By Nicole Harms | Updated Aug 30, 2022
When faced with a system of linear equations, the most reliable approach is to solve algebraically. This method removes the possibility of graphing errors and eliminates the need for graph paper, making it ideal for systems involving fractions or complex solutions.
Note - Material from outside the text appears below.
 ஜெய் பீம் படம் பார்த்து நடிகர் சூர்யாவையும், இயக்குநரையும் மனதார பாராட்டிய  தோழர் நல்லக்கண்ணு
Choose the equation that is easiest to isolate a variable. For the system
2x – 3y = –2
4x + y = 24
the second equation can be solved for y by subtracting 4x from both sides:
y = –4x + 24
Substitute this expression for y into the first equation:
2x – 3(–4x + 24) = –2
Expand and simplify:
2x + 12x – 72 = –2 → 14x – 72 = –2
Isolate x:
14x = 70 → x = 5
Insert x = 5 into one of the original equations, e.g., 4x + y = 24:
4(5) + y = 24
Solve for y:
20 + y = 24 → y = 4
State the solution as an ordered pair:
(5, 4)
Verify by plugging (5, 4) back into both equations. Both yield true statements, confirming the solution.
Select the simplest equation to isolate a variable. Substitute its value into the other equation, solve for the remaining variable, and verify the result. This substitution method is a straightforward, error‑free way to solve linear systems.
Always double‑check your answer to catch any arithmetic slip‑ups.